Enfin, le président appela la cause et ordonna d’introduire l’accusé. Un profond silence régna, on aurait entendu voler une mouche. Mitia me produisit une impression des plus défavorables. Il se présenta en dandy, habillé de neuf, des gants glacés, du linge fin. J’ai su depuis qu’il s’était commandé pour cette journée une redingote à Moscou, chez son ancien tailleur, qui avait conservé sa mesure. Il s’avança à grands pas, raide, regardant droit devant lui, et s’assit d’un air impassible. En même temps parut son défenseur, le célèbre Fétioukovitch; un murmure discret parcourut la salle. C’était un homme grand et sec, aux jambes grêles, aux doigts exsangues et effilés, les cheveux courts, le visage glabre, et dont les lèvres minces se plissaient parfois d’un sourire sarcastique. Il paraissait quarante ans. Le visage eût été sympathique sans les yeux, dénués d’expression et très rapprochés du nez qu’il avait long et mince; bref, une physionomie d’oiseau. Il était en habit et en cravate blanche. Je me rappelle fort bien l’interrogatoire d’identité; Mitia répondit d’une voix si forte qu’elle surprit le président. Puis on donna lecture de la liste des témoins et experts. Quatre d’entre eux faisaient défaut: Mioussov, retourné à Paris, mais dont la déposition figurait au dossier; Mme Khokhlakov et le propriétaire foncier Maximov, pour cause de maladie; Smerdiakov, décédé subitement, comme l’attestait un rapport de police. La nouvelle de sa mort fit sensation; beaucoup de personnes ignoraient encore son suicide. Ce qui frappa surtout fut une sortie de Mitia à ce propos:

«À chien, mort de chien!» s’écria-t-il.

Son défenseur s’élança vers lui, le président le menaça de prendre des mesures sévères en cas de nouvelle algarade. Mitia répéta plusieurs fois à l’avocat, à mi-voix et sans regret apparent:

«Je ne le ferai plus! Ça m’a échappé. Je ne le ferai plus!»

Cet épisode ne témoignait pas en sa faveur aux yeux des jurés et du public.
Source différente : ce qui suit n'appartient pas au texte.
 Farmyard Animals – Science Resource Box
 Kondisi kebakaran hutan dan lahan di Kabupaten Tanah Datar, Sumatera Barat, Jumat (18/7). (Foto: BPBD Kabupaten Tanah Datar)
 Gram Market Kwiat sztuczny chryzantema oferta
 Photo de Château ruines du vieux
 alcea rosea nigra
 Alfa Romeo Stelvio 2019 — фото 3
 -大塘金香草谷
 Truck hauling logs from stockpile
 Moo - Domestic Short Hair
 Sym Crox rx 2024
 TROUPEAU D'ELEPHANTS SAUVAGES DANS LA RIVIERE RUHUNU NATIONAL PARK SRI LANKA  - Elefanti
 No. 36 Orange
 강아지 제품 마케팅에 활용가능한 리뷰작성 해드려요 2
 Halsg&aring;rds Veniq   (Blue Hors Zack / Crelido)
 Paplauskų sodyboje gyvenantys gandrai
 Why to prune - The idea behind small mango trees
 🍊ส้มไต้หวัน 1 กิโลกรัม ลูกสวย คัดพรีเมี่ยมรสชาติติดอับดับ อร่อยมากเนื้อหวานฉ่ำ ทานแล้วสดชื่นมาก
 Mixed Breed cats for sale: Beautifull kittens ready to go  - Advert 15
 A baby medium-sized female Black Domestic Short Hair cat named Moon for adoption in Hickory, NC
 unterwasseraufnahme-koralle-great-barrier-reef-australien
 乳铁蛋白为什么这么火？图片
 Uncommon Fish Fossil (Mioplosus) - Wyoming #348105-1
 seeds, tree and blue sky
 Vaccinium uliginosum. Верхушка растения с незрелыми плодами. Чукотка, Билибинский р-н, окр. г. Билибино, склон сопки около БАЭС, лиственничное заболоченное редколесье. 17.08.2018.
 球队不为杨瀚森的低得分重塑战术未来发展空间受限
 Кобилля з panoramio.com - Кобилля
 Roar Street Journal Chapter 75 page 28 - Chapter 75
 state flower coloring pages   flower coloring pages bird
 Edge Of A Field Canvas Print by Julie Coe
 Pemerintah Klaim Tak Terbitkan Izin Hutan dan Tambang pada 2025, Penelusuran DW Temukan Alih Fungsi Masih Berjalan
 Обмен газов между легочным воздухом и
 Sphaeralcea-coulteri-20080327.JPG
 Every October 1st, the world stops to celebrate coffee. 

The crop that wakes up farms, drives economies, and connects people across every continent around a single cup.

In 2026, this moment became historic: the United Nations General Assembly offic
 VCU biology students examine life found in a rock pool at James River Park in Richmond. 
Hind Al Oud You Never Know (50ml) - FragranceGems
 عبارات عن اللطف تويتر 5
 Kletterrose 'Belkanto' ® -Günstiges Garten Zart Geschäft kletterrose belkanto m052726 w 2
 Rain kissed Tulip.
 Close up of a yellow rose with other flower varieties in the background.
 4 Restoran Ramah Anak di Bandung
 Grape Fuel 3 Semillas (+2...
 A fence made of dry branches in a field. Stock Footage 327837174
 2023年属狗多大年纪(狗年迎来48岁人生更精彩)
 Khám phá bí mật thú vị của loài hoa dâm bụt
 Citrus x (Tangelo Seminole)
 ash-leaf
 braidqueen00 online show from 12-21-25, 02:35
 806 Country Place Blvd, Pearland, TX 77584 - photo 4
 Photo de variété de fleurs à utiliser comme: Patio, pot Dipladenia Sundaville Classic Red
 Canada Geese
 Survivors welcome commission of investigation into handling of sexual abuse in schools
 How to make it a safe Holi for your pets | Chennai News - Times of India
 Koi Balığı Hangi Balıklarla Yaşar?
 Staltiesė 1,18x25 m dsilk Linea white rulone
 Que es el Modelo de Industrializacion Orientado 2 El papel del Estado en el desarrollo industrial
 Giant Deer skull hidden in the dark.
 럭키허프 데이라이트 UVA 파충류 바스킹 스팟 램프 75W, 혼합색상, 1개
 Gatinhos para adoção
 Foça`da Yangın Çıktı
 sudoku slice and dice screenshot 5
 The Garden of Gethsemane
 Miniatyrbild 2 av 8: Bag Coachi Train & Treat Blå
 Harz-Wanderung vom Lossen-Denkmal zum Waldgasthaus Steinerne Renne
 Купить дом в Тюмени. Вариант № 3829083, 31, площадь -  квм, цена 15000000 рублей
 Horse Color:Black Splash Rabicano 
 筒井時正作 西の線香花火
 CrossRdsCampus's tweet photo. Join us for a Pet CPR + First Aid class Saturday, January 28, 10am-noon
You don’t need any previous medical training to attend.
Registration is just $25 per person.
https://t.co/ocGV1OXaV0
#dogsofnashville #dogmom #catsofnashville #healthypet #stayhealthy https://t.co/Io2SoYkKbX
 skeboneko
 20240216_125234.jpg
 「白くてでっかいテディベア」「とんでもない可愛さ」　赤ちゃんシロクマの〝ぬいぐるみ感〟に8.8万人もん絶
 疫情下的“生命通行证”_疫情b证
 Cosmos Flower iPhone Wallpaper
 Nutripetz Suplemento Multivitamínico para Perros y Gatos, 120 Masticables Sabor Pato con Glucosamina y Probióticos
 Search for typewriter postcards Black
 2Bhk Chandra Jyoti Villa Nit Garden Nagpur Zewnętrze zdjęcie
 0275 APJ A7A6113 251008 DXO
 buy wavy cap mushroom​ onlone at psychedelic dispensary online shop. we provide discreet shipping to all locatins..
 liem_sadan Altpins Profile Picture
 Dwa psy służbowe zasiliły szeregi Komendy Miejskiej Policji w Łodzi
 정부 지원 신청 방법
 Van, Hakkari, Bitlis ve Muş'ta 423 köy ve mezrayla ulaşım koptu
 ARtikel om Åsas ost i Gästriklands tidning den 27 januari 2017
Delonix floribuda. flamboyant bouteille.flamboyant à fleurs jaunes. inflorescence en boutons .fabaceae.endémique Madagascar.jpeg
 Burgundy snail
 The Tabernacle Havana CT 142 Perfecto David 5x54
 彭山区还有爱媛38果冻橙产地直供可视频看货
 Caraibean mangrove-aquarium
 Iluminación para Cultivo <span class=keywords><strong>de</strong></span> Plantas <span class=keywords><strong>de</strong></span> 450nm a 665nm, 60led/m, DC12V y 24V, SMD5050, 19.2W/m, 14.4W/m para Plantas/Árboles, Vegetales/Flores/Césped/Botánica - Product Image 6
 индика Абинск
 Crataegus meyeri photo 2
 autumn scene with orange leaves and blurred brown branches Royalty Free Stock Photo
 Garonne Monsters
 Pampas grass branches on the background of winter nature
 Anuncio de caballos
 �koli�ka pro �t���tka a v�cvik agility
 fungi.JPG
Il donnait un échantillon de son caractère. Ce fut sous cette impression que le greffier lut l’acte d’accusation. Il était concis, se bornant à l’exposé des principaux motifs d’inculpation; néanmoins, je fus vivement impressionné. Le greffier lisait d’une voix nette et sonore. Toute la tragédie apparaissait en relief, éclairée d’une lumière implacable. Après quoi, le président demanda à Mitia:

«Accusé, vous reconnaissez-vous coupable?»

Mitia se leva.

– Je me reconnais coupable d’ivresse, de débauche et de paresse, dit-il avec exaltation. Je voulais me corriger définitivement à l’heure même où le sort m’a frappé. Mais je suis innocent de la mort du vieillard, mon père et mon ennemi. Je ne l’ai pas volé non plus, non, j’en suis incapable. Dmitri Karamazov peut être un vaurien, mais un voleur, non pas!»

Il se rassit frémissant. Le président l’invita à répondre uniquement aux questions. Ensuite, les témoins furent appelés pour prêter serment. Les frères de l’accusé furent dispensés de cette formalité. Après les exhortations du prêtre et du président, on fit sortir les témoins pour les rappeler à tour de rôle.